Task goal: Your answer must be an exact copy of the records, with no pictures included.

Records to process:

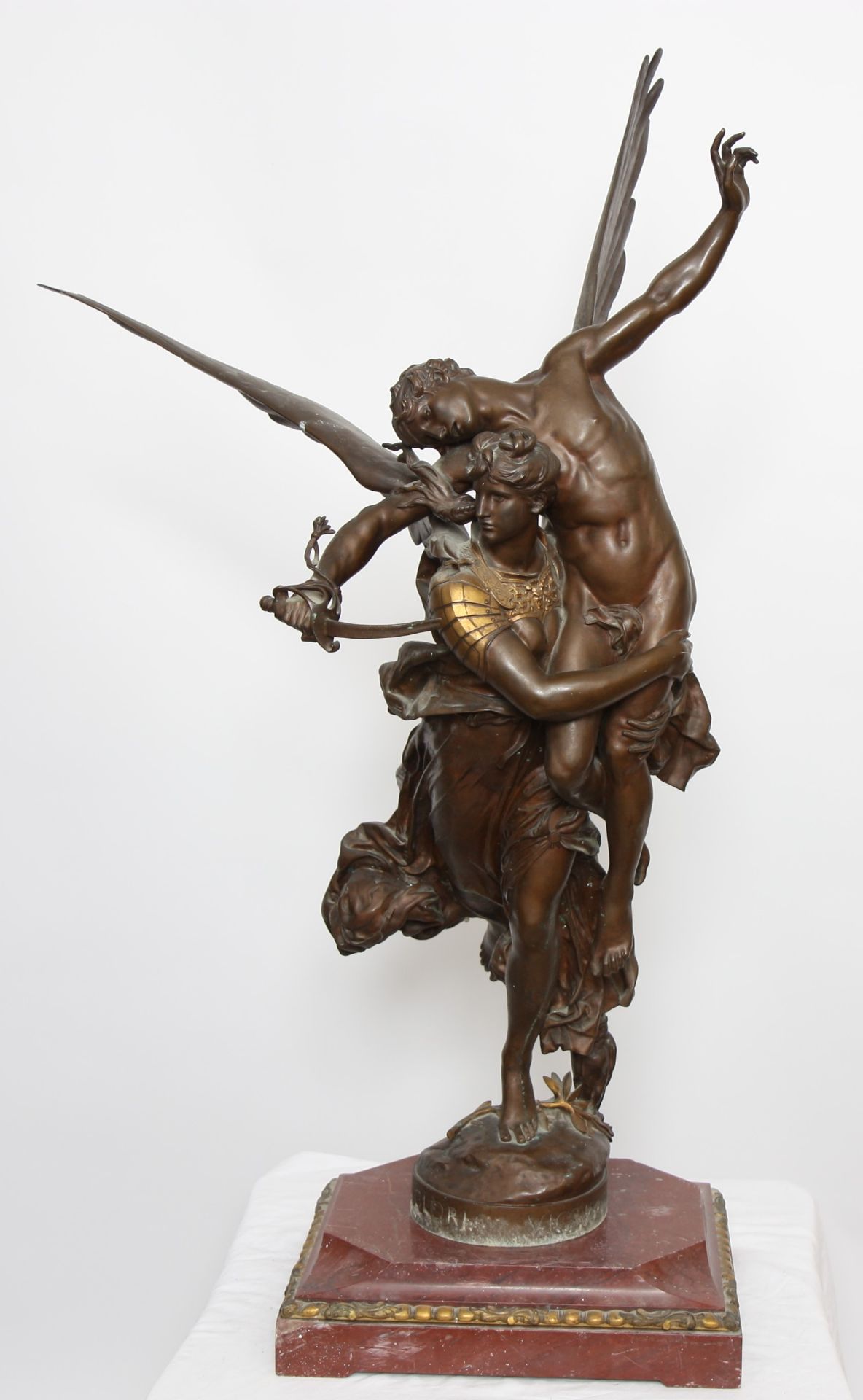 IMPORTANT GROUPE EN BRONZE "GLORIA VICTIS" DE ANTONIN MERCIE (1845-1916) Bronze à [...]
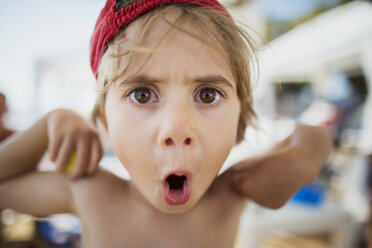 Porträt eines kleinen Jungen, der lustige Gesichter zieht - AZOF00056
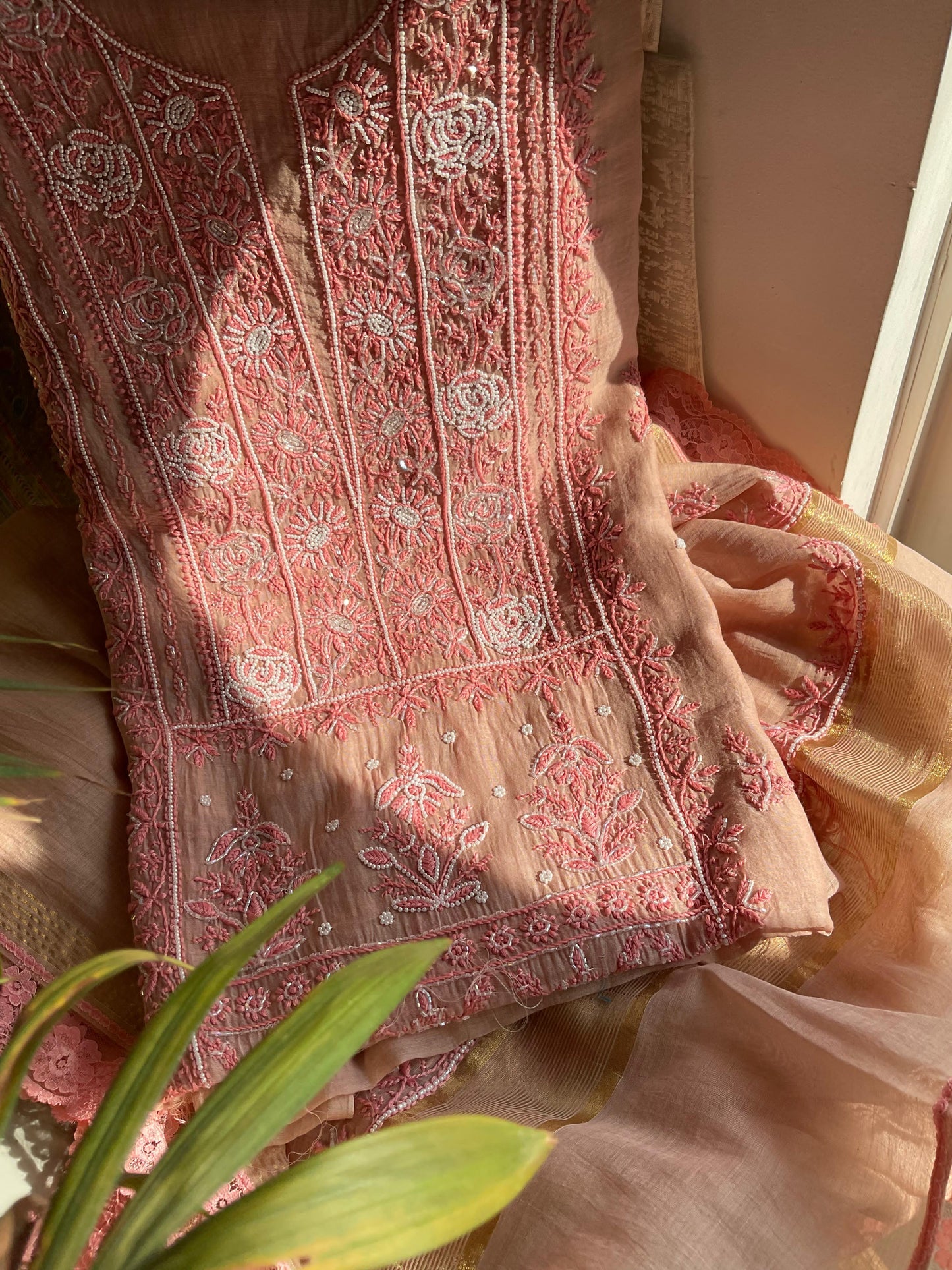 Ensemble Kurta en Mulmul avec panneaux ornés de broderies Chikankari colorées et de perles-cutdanas, et dupatta brodée (Lot de 3) (Non cousu)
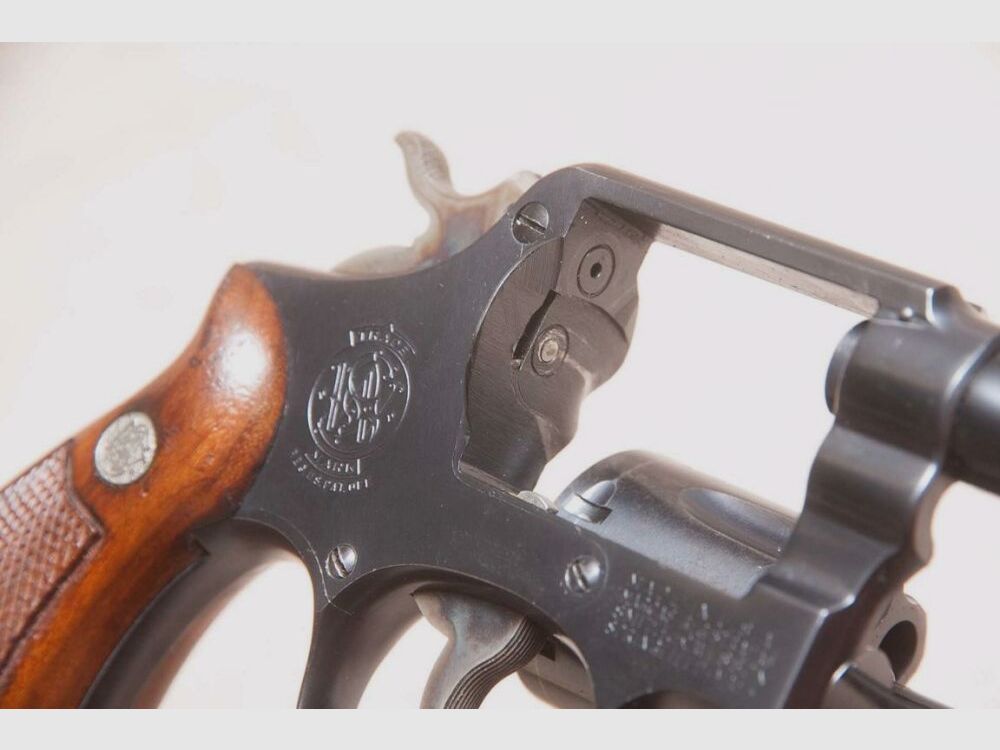 Smith & Wesson
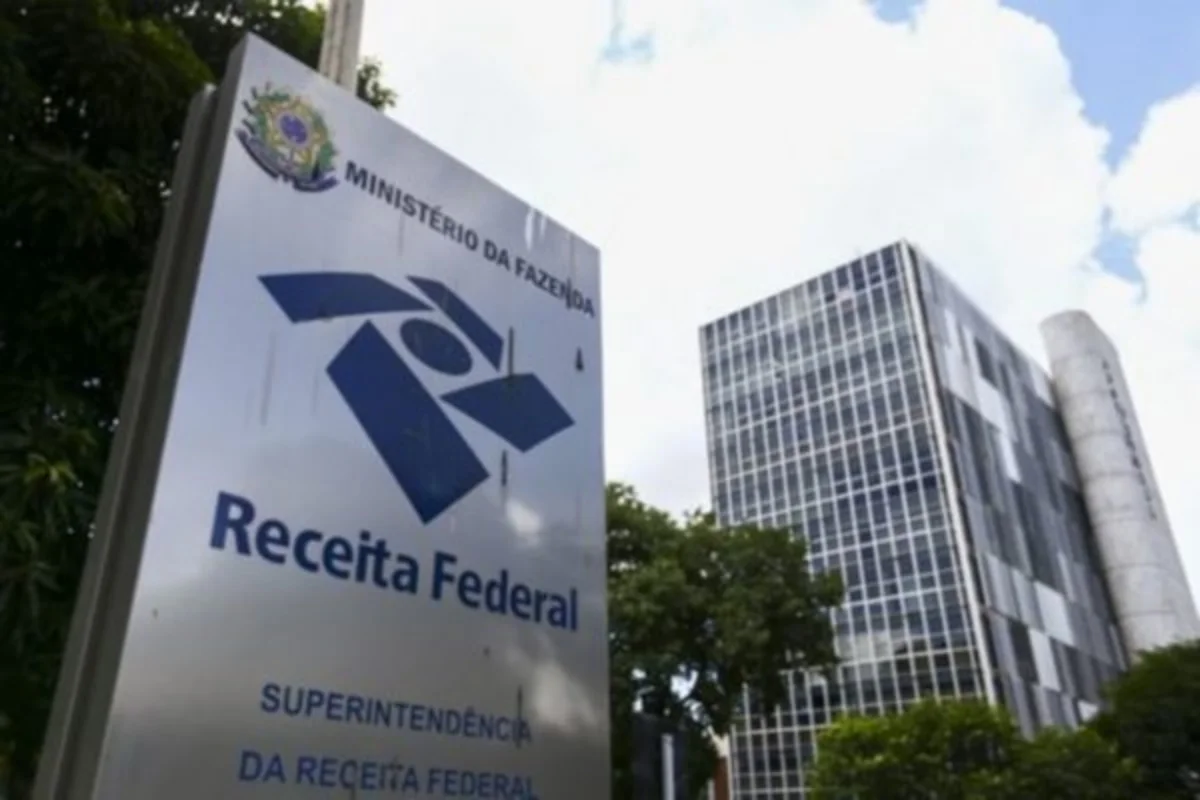 Arrecadação federal soma R$ 239,4 bilhões em setembro, recorde para o mês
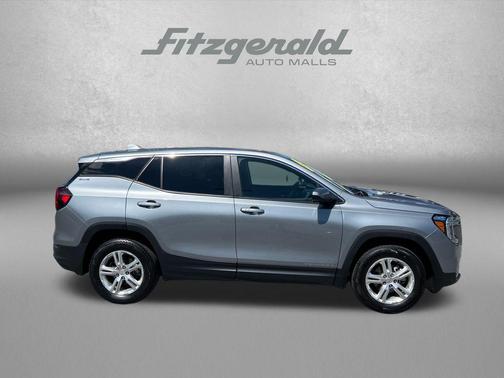 Sterling Metallic 2024 GMC Terrain SLE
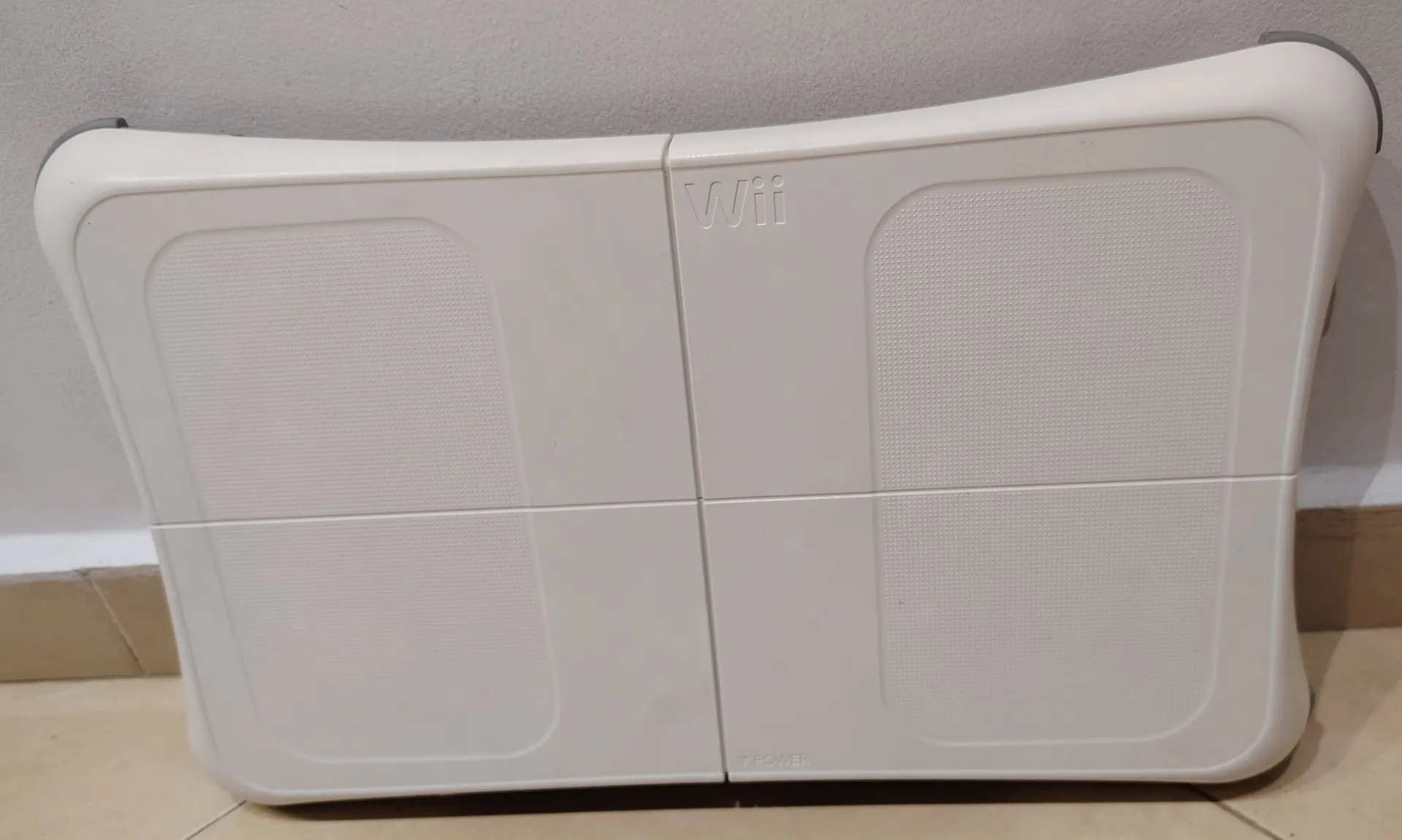 Nintendo Wii Fit Plus with Balance Board - PAL European Version Complete in Box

Task response:
 IMPORTANT GROUPE EN BRONZE "GLORIA VICTIS" DE ANTONIN MERCIE (1845-1916) Bronze à [...]
 Porträt eines kleinen Jungen, der lustige Gesichter zieht - AZOF00056
 Ensemble Kurta en Mulmul avec panneaux ornés de broderies Chikankari colorées et de perles-cutdanas, et dupatta brodée (Lot de 3) (Non cousu)
 Smith & Wesson
 Arrecadação federal soma R$ 239,4 bilhões em setembro, recorde para o mês
 Sterling Metallic 2024 GMC Terrain SLE
 Nintendo Wii Fit Plus with Balance Board - PAL European Version Complete in Box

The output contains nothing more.